The \lstinline!"\n"! character is used to conceptually indicate the
end of a line within a Modelica string. Any Modelica program that needs
to recognize line endings can check for a single \lstinline!"\n"!
character to do so on any platform. It is the responsibility of a
Modelica implementation to make any necessary transformations to other
representations when writing to or reading from a text file.
\begin{nonnormative}
For example, a \lstinline!"\n"! is written and read as-is in a Unix or Linux implementation, but written as
\lstinline!"\r\n"! pair, and converted back to \lstinline!"\n"! when read in a Windows implementation.
\end{nonnormative}
\begin{nonnormative}
For long string comments, e.g., the \lstinline!info! annotation to
store the documentation of a model, it would be very inconvenient, if
the string concatenation operator would have to be used for every line
of documentation.

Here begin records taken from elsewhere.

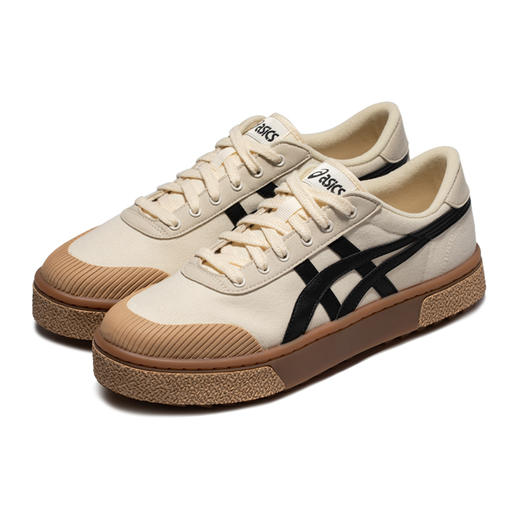 ASICS亚瑟士男女休闲鞋COURT TRAIL运动时尚透气板鞋1203A146-021 商品图2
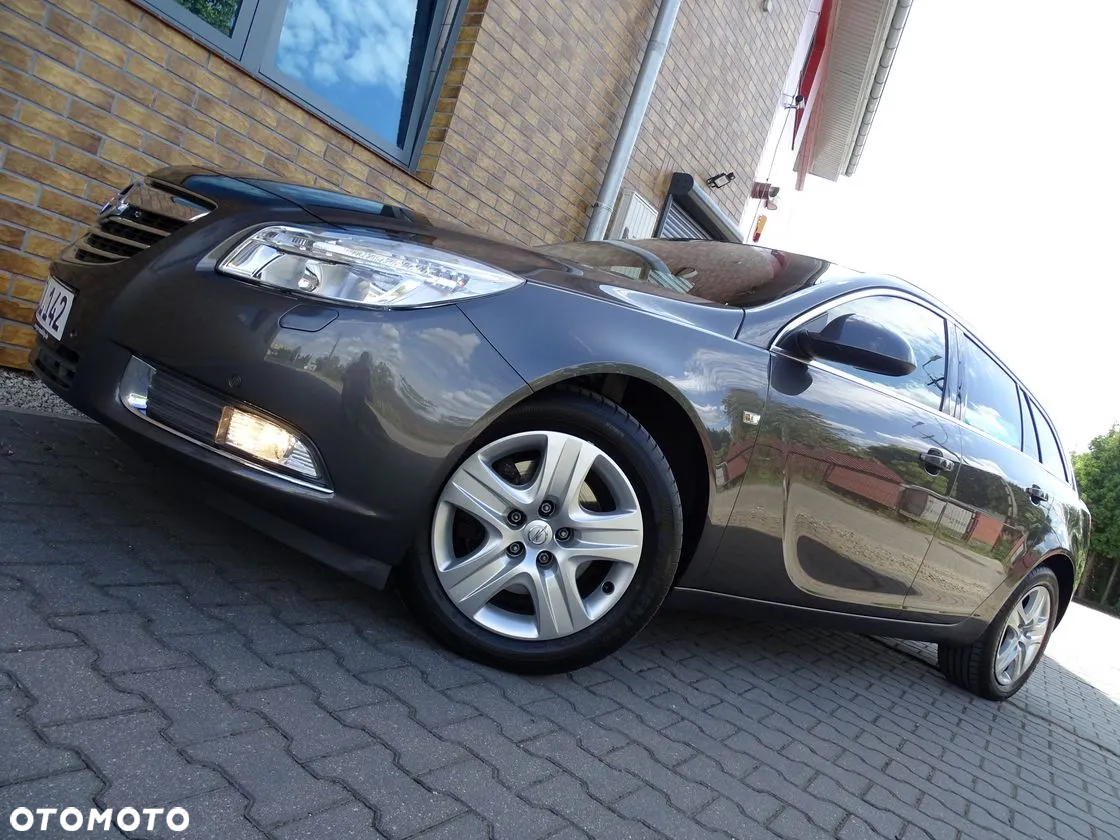 Opel Insignia 2.0 CDTI Sports Tourer Active - 12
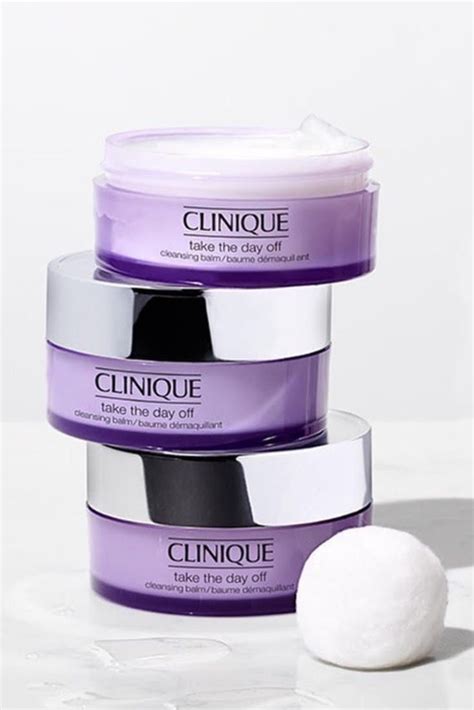 Take The Day Off™ Makeup Remover Cleansing Balm | Clinique | Cleansing balm, The balm, Clinique ...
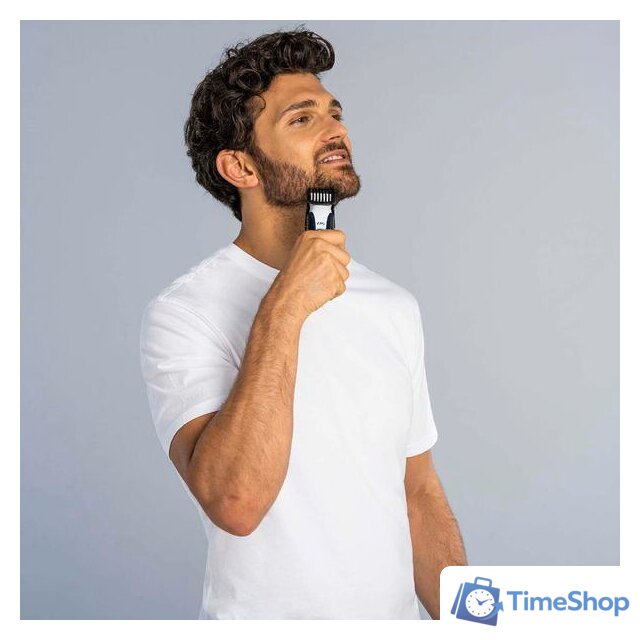 Универсальный триммер Remington Graphite PG4000 - Изображение №4 — Интернет-магазин Time-Shop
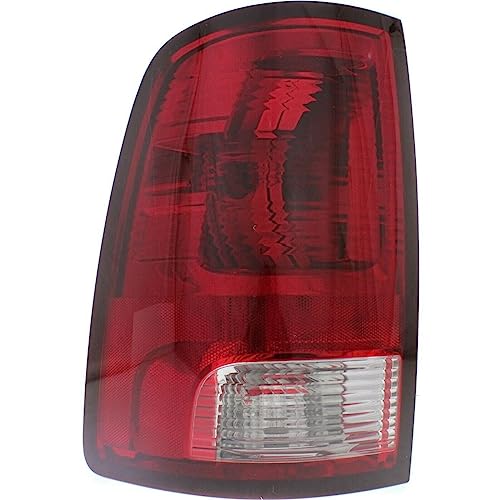 LNMTLZHHM Tail Light For 2009-2019 D_odge R_am 1500 2500 3500 Classic LH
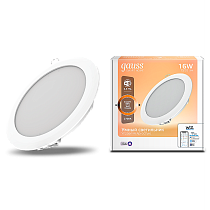 Светильник светодиодный Smart Home DIM 16Вт Светильник светодиодный Smart Home DIM 16Вт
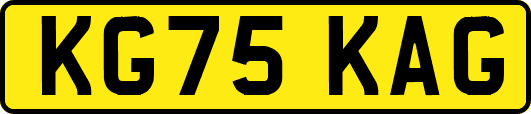 KG75KAG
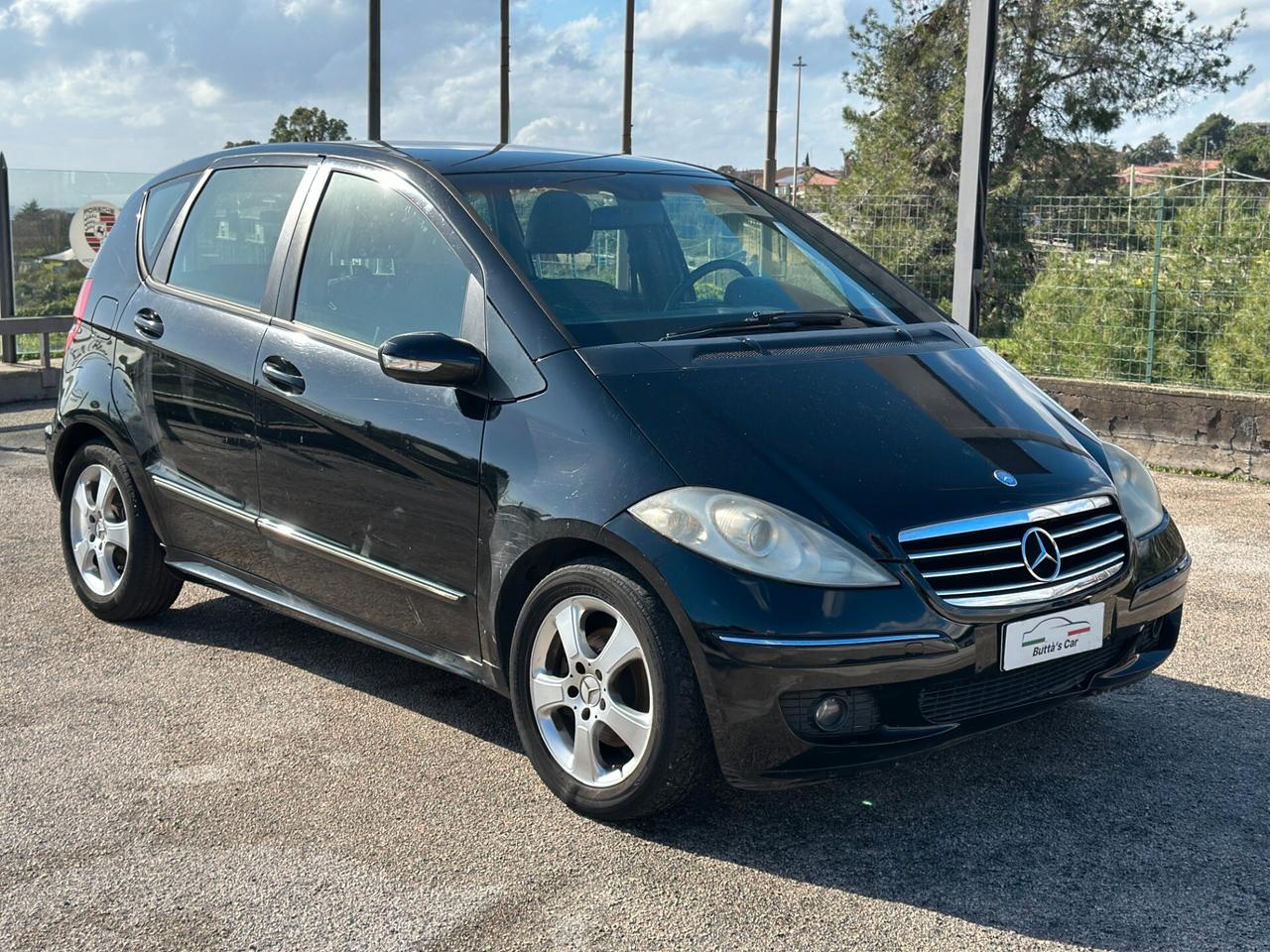 Mercedes-benz A 180 CDI Avantgarde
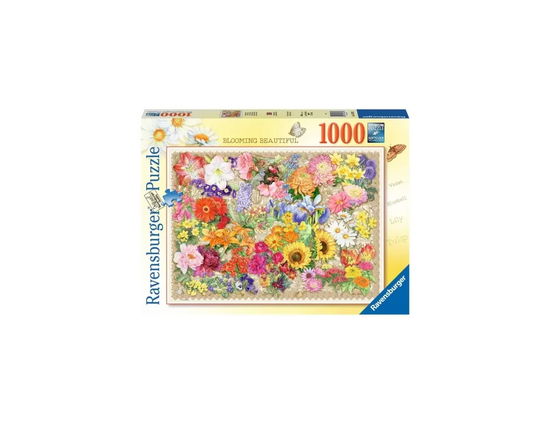 Cover for Ravensburger · Puzzle - Blooming Beautiful 1000p (12000121) (Toys)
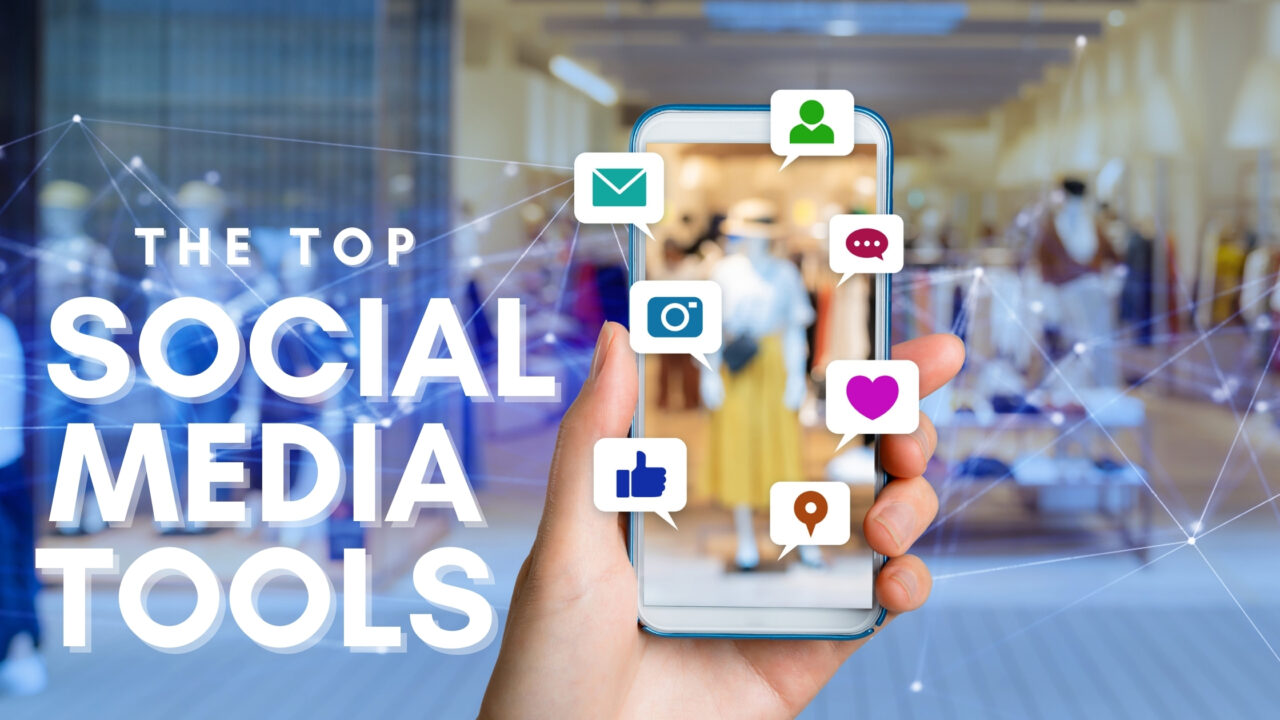 Top Tools Every Social Media Manager Needs | Creative Beacon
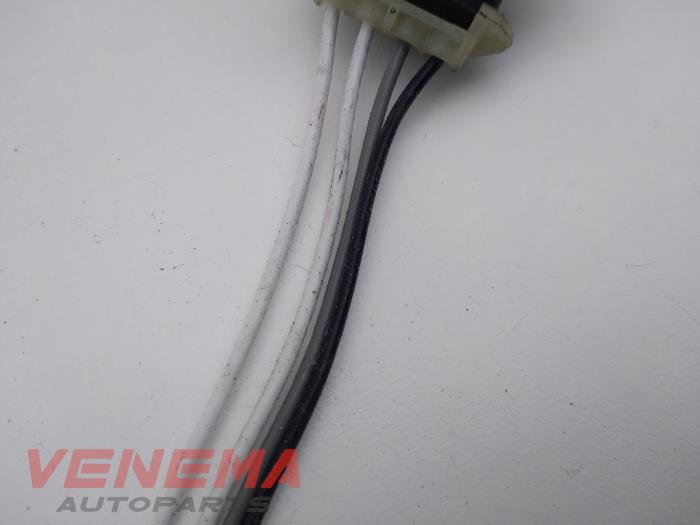 Lambda Sonde van een Opel Corsa D 1.2 16V 2008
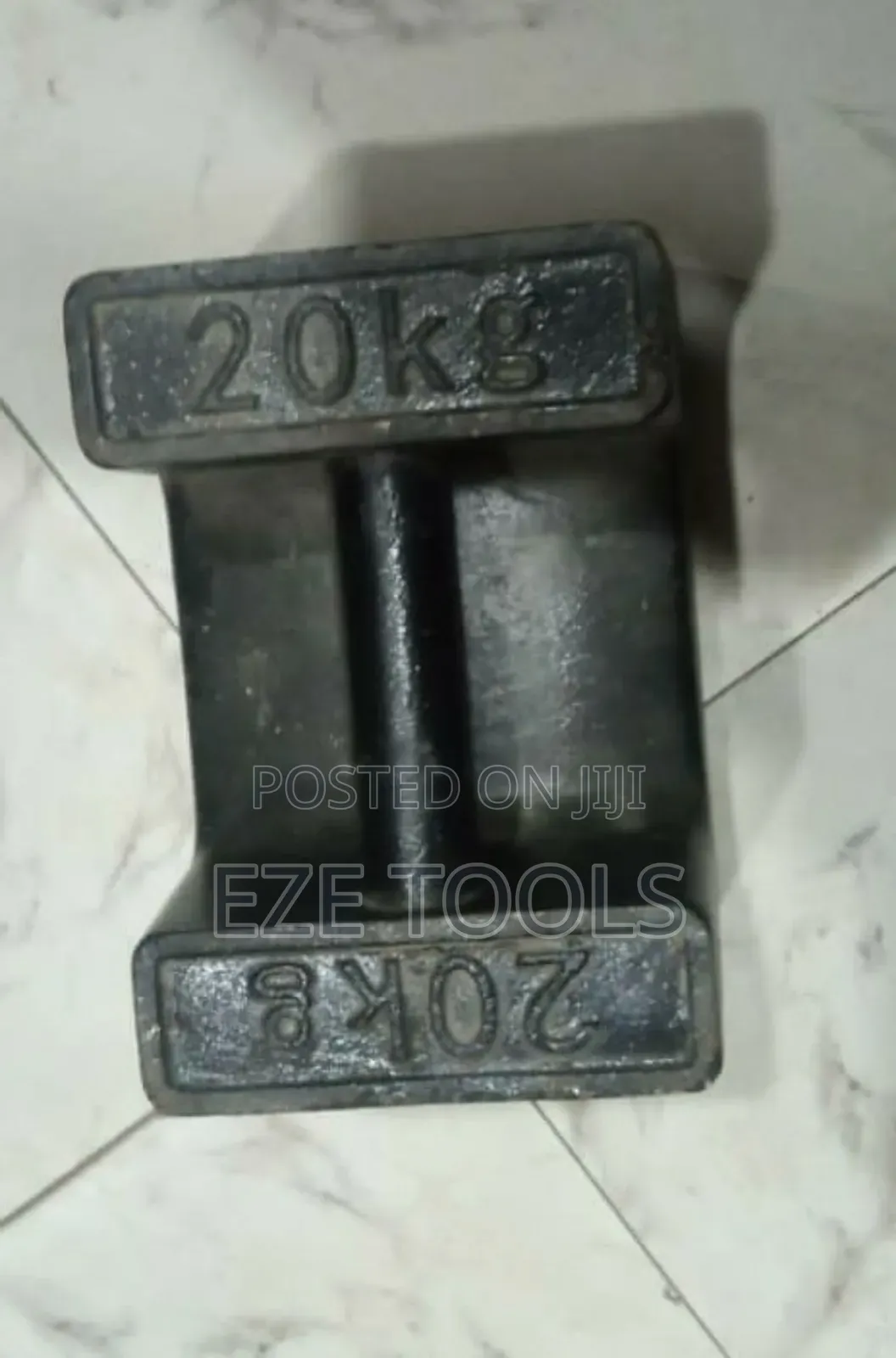 20kg Dead Weight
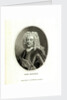 Admiral Sir John Jennings (1664-1743) by Edward Harding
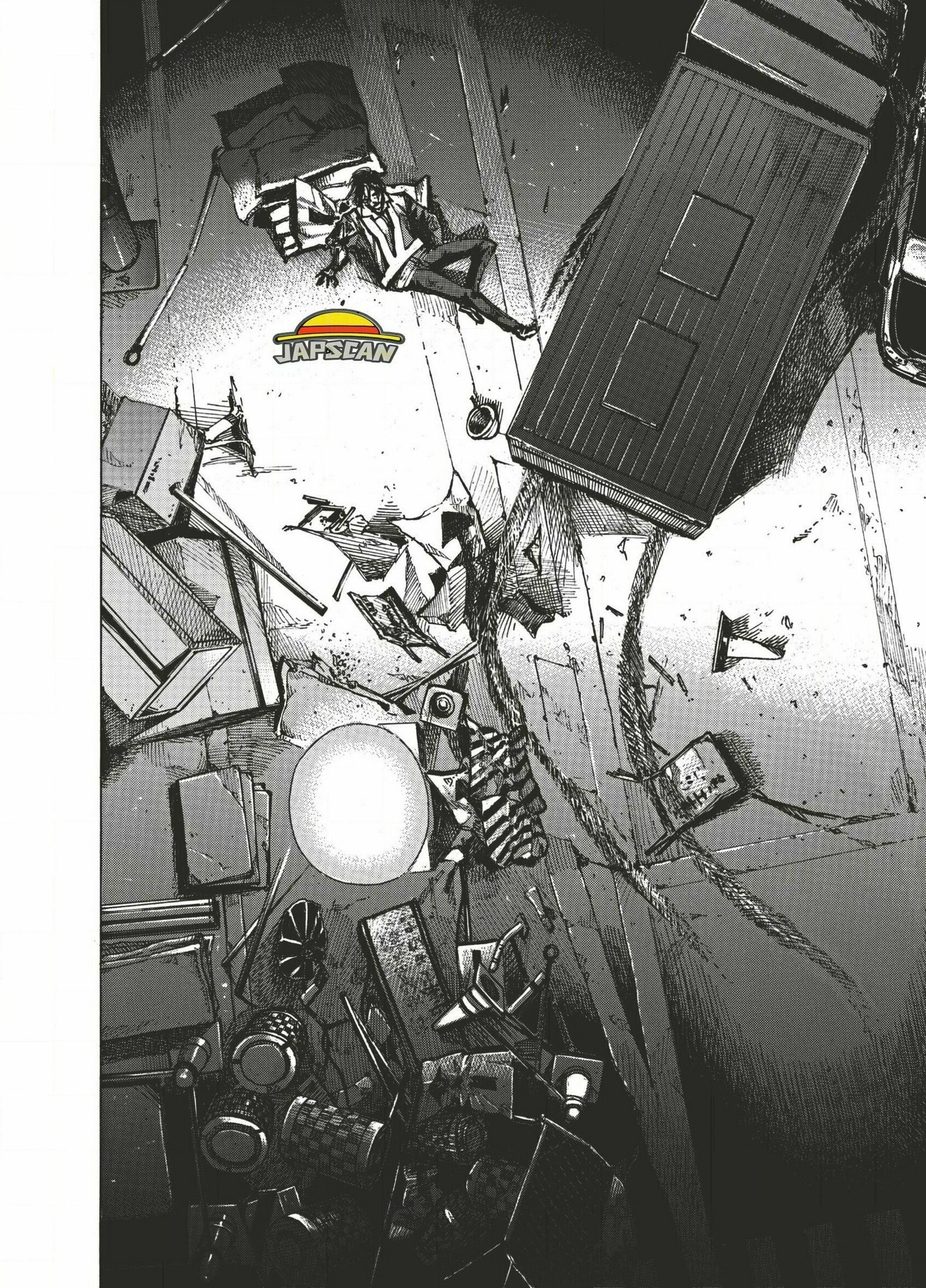 Read Blue Giant FRANCAIS Manga Online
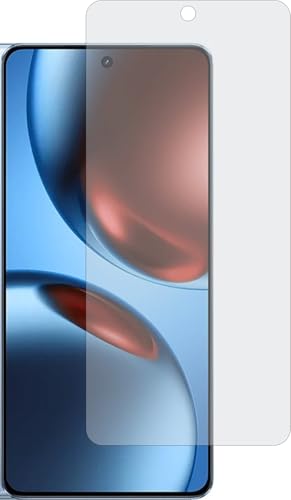 Image of Shatterproof, Flexible Fiber Screen Protector, Not a Tempered Glass, Impossible Screen Guard for Realme GT 7T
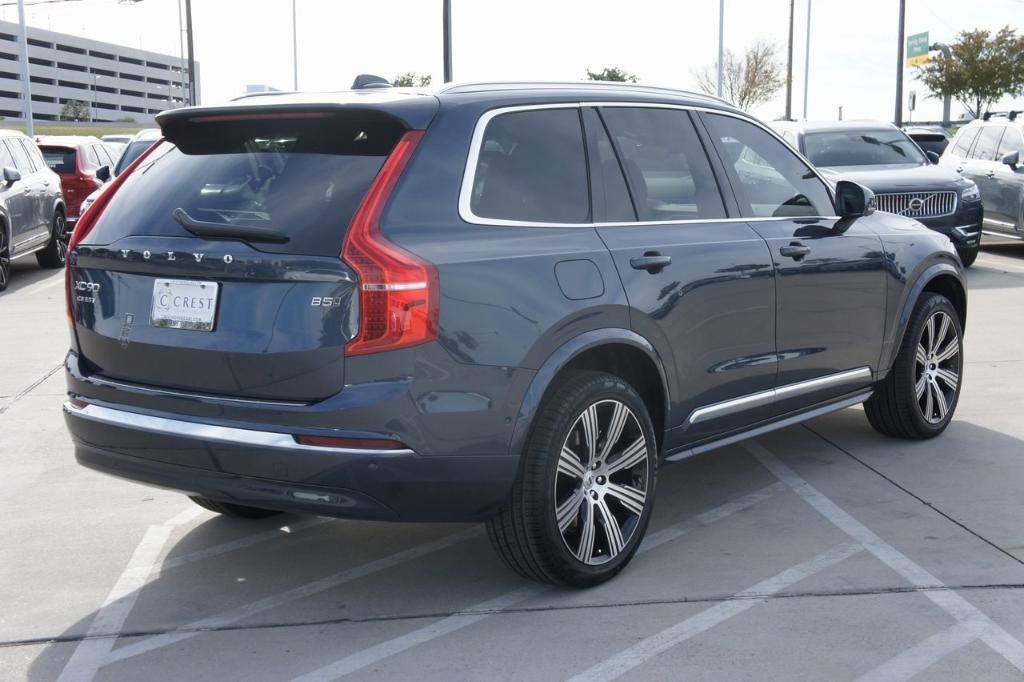 new 2024 Volvo XC90 car, priced at $61,220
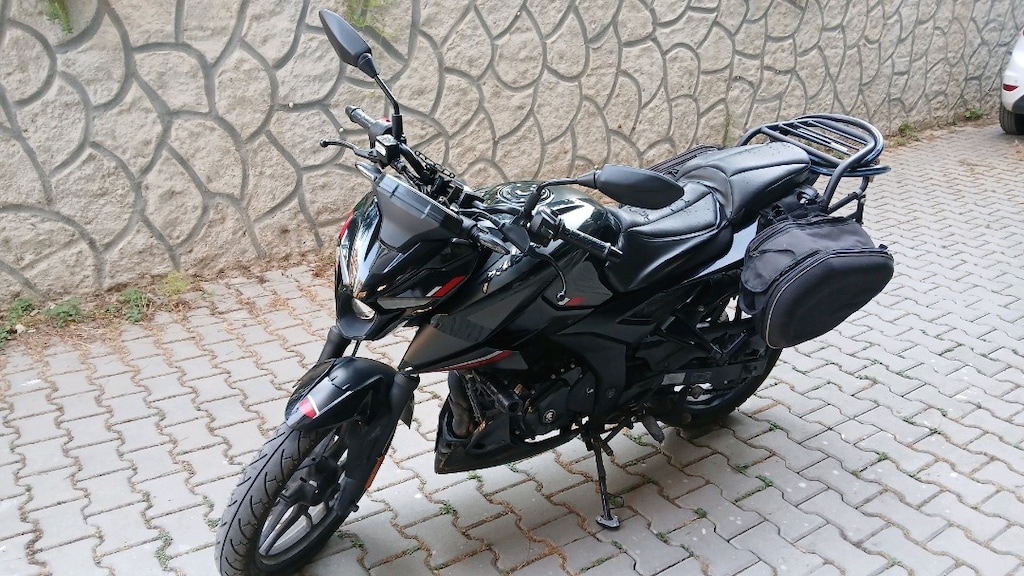 2023 BAJAJ PULSAR N250 DÜŞÜK KM | MASRAFSIZ | ÇANTALI,DEMİRLİ - 2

It is assumed that a Modelica tool supports the
non-printable newline character when browsing or editing a string
literal. For example, the following statement defines one string that
contains (non-printable) newline characters:
\begin{lstlisting}[language=modelica]
assert(noEvent(length > s_small), "
The distance between the origin of frame_a and the origin of frame_b
of a LineForceWithMass component became smaller as parameter s_small
(= a small number, defined in the
\"Advanced\" menu). The distance is
set to s_small, although it is smaller, to avoid a division by zero
when computing the direction of the line force.",
level = AssertionLevel.warning);
\end{lstlisting}
\end{nonnormative}
\section{Operator Symbols}\doublelabel{operator-symbols}
The predefined operator symbols are formally defined on page \pageref{lexical-conventions} and
summarized in the table of operators in \autoref{operator-precedence-and-associativity}.